When opening the skull, they discovered that the cause of the disease was located right here: Schumann’s blood vessels were overcrowded, the bones at the base of the skull became thickened and new bone mass sprouted, which broke through the outer brain covering with sharp tips.

The body of the great composer was transported to Bonn and interred in front of a huge crowd of people.

Creative path. Musical and literary interests of childhood. University years. Musical-critical activity. Leipzig period. Last decade

Robert Schumann was born on June 8, 1810 in the city of Zwickau (Saxony) into the family of a book publisher. His father, an intelligent and outstanding man, encouraged his artistic inclinations youngest son *.

* It is known that Schumann’s father even went to Dresden to see Weber to persuade him to take charge of his son’s musical studies. Weber agreed, but due to his departure to London, these classes did not take place. Schumann's teacher was organist I. G. Kuntsch.

Schumann began composing at the age of seven, but he early attracted attention as a promising pianist, and for a long time the center of his musical activity was piano performance.

Huge place in spiritual development the young men were interested in literary interests. During his school years, he was deeply impressed by the works of Goethe, Schiller, Byron and the ancient Greek tragedians. Later, the now half-forgotten favorite of the German romantics, Jean Paul, became his literary idol. The exaggerated emotionality of this writer, his desire to depict the unusual, unbalanced, his peculiar language, overloaded with complex metaphors, had a great influence not only on Schumann’s literary style, but also on his musical creativity. The continuity of literary and musical images is one of the most characteristic features of Schumann art.

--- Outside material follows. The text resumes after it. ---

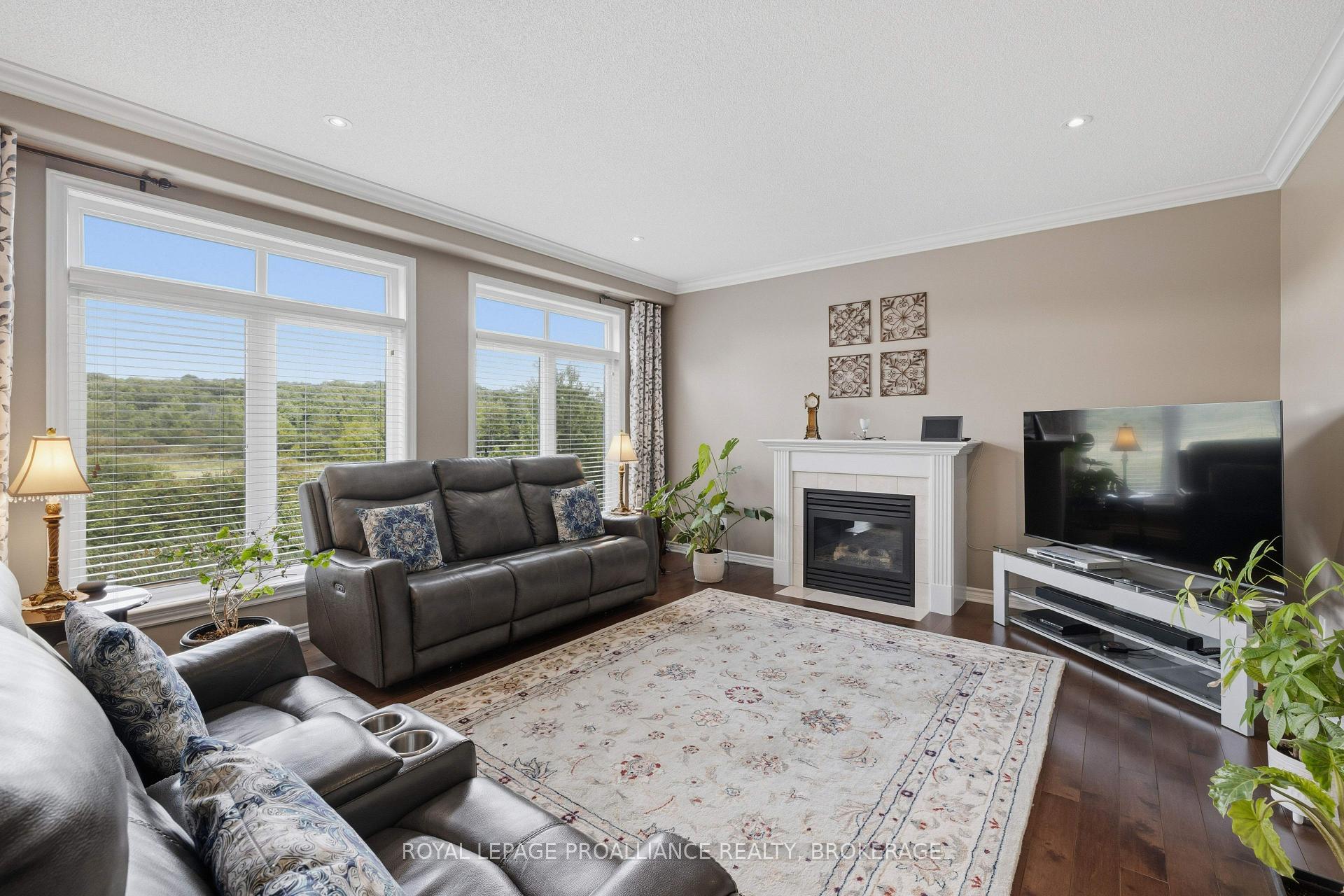 Photo 17 of 633 Fieldstone Drive, Kingston, Kingston East (Incl Barret Crt) — HOMEH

With the death of his father in 1826, the composer’s life turned, in his own words, into “a struggle between poetry and prose.” Under the influence of his mother and guardian, who did not sympathize with the young man’s artistic aspirations, after completing his gymnasium course, he entered the law faculty of the University of Leipzig. The university years (1828-1830), full of inner restlessness and tossing, turned out to be very significant in the spiritual formation of the composer. From the very beginning, his passionate interest in music, literature, and philosophy came into sharp conflict with academic routine. In Leipzig he began studying with Friedrich Wieck, good musician and piano teacher. In 1830, Schumann heard Paganini for the first time and realized what enormous possibilities lay in the performing arts. Impressed by the playing of the great artist, Schumann was overcome by a thirst for musical activity. Then, even without a composition director, he began composing. The desire to create an expressive virtuoso style subsequently brought to life “Etudes for Piano after Paganini’s Caprices” and “Concert Etudes after Paganini’s Caprices.”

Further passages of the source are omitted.